Shift Line pedals have some kind of cultish reputation in the US. The Russian manufacturer doesn’t have US distribution (yet) but was able to grab the attention of many US pedal videographers with creative stompboxes like the Tremofuzz or the Force microsampler/freeze reverb, which sparked interest among the more informed pedal lovers.
The builder seems to have big plans for 2019: after announcing their presence at the NAMM 2019 show (booth #3050), they released a new pedal called Prism-9, presented as “a unique, complex, fully-featured effect that embraces analog synthesis techniques — particularly modulation and filtering.” Thew circuit includes also pitch shifting and a room reverb.
The pedal features two “global modes:” Classic and Modern. Each mode routes the parts of the circuit in different ways, which produces different results. (FYI, switching between modes requires a 20 second process.)
This is what happens to the signal after it enters the pedal:
- The incoming signal is split by a complex pitch shifter, which adds to it an octave up, an octave down, and a fifth.
- All the parts are then mixed back together and sent through the 4-pole (24 dB/Oct) filter, which is controlled by the sum of two LFOs. The first LFO is a sine wave running at a fixed rate. The second one is a trapezoid wave; its rate and depth are controlled by the RATE and RANGE knobs, respectively.

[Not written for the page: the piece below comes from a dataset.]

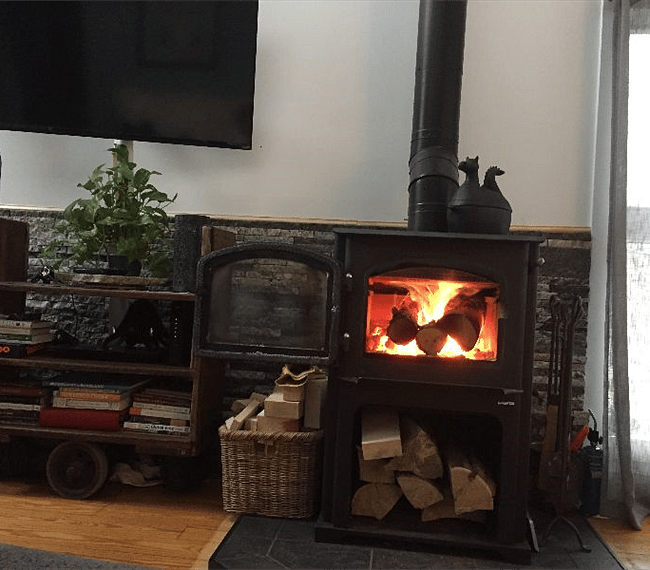 Wood stove available for use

- After pitch shifting and filtering, the signal gets smoothed out by the room reverb and finally goes to the output jack.
You would expect a circuit this complex to be controlled by a few rows of knobs, but the Prism-9 only features four of them, and a toggle switch.
The top three knobs control RATE (LFO rate) RANGE (LFO depth) and REVERB. The bigger RATE/DRIP knob changes function depending on the selected Global Mode – for more about this, see the manufacturer’s instructions after the video on this same page).
The three way toggle MODE gives you access to automated sweeps controlled by the trapezoid LFO.
This is a pedal that requires a little bit of experimentation to be fully grasped, check out the video by Chords of Onion and, if you like it and are going to NAMM in January, go visit Shift Line at booth 3050 in Hall D.
The A+ Prism-9 is a truly inspiring stompbox for any musician looking for new ideas. With this pedal, even the most ordinary sound can turn into an outlandish chorus of awesomeness!
The Prism-9 is a unique, complex, fully-featured effect that embraces analog synthesis techniques — particularly modulation and filtering. The pedal has two switchable global modes — “classic” and “modern” — which are comprised of the same elements but in a different order.
The Prism-9 combines:
- 5 low frequency oscillators (LFOs) to modulate the incoming signal;
- 3 transposition modules + clean blend;
- a 4-pole resonant low-pass filter (LPF);
- a room/hall reverb algorithm.
The pedal splits the incoming signal and, via its complex pitch shifter, adds to it an octave up, an octave down, and a fifth. All the parts are then mixed back together and sent through the 4-pole (24 dB/Oct) filter, which is controlled by the sum of two LFOs. The first LFO is a sine wave running at a fixed rate. The second one is a trapezoid wave; its rate and depth are controlled by the RATE and RANGE knobs, respectively.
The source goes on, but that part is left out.